Diabetes was recently named “a defining disease of the 21st century” by the medical journal The Lancet.

In the United States, this chronic condition impacts approximately 11.6% of the population, or 38.4 million people, according to the American Diabetes Association. While type 2 diabetes has long been prevalent among older adults, it’s impacting more and people at an earlier age. In the past two decades, cases of type 2 diabetes have nearly doubled among young people in the US, writes The Lancet, with a high burden among Black and Indigenous American people.

While it’s important to know the stats, it’s also critical to know the facts: type 2 diabetes, which accounts for 90-95% of diagnosed cases of diabetes, is a highly preventable disease. April is Defeat Diabetes Month, and it’s a good time to join the movement that seeks to educate and empower people to prevent this condition. Read on to understand more about what steps you can take to defeat diabetes. 
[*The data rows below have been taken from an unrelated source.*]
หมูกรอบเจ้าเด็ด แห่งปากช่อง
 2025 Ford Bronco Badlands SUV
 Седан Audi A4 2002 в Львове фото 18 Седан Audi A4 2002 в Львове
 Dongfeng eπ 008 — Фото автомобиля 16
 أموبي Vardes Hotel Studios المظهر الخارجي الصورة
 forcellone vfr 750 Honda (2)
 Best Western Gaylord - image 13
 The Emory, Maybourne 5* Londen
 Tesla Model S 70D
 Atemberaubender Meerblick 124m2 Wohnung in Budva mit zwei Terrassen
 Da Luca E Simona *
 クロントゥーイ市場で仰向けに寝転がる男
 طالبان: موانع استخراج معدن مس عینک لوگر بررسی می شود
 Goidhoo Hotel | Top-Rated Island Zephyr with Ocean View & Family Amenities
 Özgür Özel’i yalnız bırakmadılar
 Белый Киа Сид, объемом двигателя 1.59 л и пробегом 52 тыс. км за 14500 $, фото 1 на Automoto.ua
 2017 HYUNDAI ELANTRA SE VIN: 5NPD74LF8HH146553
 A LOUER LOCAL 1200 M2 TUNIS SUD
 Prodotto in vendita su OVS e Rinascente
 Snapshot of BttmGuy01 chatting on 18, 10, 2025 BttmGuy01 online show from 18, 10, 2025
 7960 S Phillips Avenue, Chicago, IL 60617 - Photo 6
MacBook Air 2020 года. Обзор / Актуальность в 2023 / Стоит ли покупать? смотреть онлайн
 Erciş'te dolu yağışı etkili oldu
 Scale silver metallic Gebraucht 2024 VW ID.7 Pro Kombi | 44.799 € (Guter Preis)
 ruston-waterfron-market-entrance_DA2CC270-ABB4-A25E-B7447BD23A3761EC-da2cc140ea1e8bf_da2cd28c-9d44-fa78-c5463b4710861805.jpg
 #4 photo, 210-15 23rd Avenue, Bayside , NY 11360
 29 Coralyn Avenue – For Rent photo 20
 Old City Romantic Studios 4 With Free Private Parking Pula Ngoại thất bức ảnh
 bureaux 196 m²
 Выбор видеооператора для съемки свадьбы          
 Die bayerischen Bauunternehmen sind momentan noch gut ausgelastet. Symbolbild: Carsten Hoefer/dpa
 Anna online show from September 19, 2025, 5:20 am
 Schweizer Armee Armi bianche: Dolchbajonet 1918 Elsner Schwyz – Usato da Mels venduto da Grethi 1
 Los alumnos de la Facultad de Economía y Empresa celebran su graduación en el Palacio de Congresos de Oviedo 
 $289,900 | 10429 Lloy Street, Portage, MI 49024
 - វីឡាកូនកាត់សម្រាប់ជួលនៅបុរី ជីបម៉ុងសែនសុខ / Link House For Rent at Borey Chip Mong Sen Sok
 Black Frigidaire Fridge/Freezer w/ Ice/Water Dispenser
  1. Know your risk factors. If the following characteristics describe you, you face a higher risk for developing diabetes, according to the Centers for Disease Control and Prevention.
  • You have pre-diabetes.
  • You are overweight.
  • You are 45 or older.
  • You have a sibling or parent who has type 2 diabetes.
  • You are not physically active three times a week or more.
  • You have had gestational diabetes and/or you gave birth to a child who weighed 9 pounds or more.
  • You are Black, Latino, American Indian or Alaskan Native; if you are Pacific Islander or Asian American you may also face higher risks.
  1. Learn the symptoms of diabetes. Not everyone develops symptoms when they have diabetes. But those who do may experience the following, per the U.S. Government’s Office of Disease Prevention and Health Promotion:
  • Excessive thirst or hunger
  • Fatigue
  • Frequent urination
  • Unexpected weight loss
  • Cuts or bruises that heal slowly
  • Blurry vision
  • Numbness or tingles in your hands and/or feet
  1. Talk to your doctor. If you’re experiencing the above symptoms, talk to your doctor. And even if you’re not experiencing symptoms, be sure and make an annual appointment for a check-up so your provider can detect any changes to your health. At that time, ask your doctor about your risk for developing diabetes, and whether you should be tested. If a blood sugar test indicates that you have high blood sugar (but not high enough to be diabetes) you could have pre-diabetes, which affects one in three Americans. It’s important to find out if you have pre-diabetes, because even with this diagnosis, you can take steps to prevent type 2 diabetes.
  2. Commit to an active lifestyle. Regular exercise helps lower your risk for type 2 diabetes. Aim for the recommended 150 minutes per week of moderate intensity activity. If you’re bored with your current exercise routine, mix it up and participate in activities that don’t feel like exercise, whether it’s dancing, swimming, sports, walking or even housework. Find a partner and make it a social occasion.
  3. Maintain a healthy weight. For many people, losing 5-7% of their weight can help prevent diabetes, according to the National Institute of Diabetes and Digestive and Kidney Diseases. Physical activity, as mentioned above, can help with weight loss. So can subtle changes to your diet, such as opting for smaller portions, drinking water instead of beverages with sugar (including fruit juice) and choosing to eat fresh fruits and vegetables instead of processed snacks. Talk to your doctor about other changes you can make to feel healthy.
  4. Quit smoking. People who smoke are 30-40% more likely to develop type 2 diabetes, according to the CDC; and smokers who have diabetes are more likely to struggle with managing their disease. If you need help quitting, talk to your doctor or call 1-800-QUIT NOW (1-800-784-8669) or visit CDC.gov/tips.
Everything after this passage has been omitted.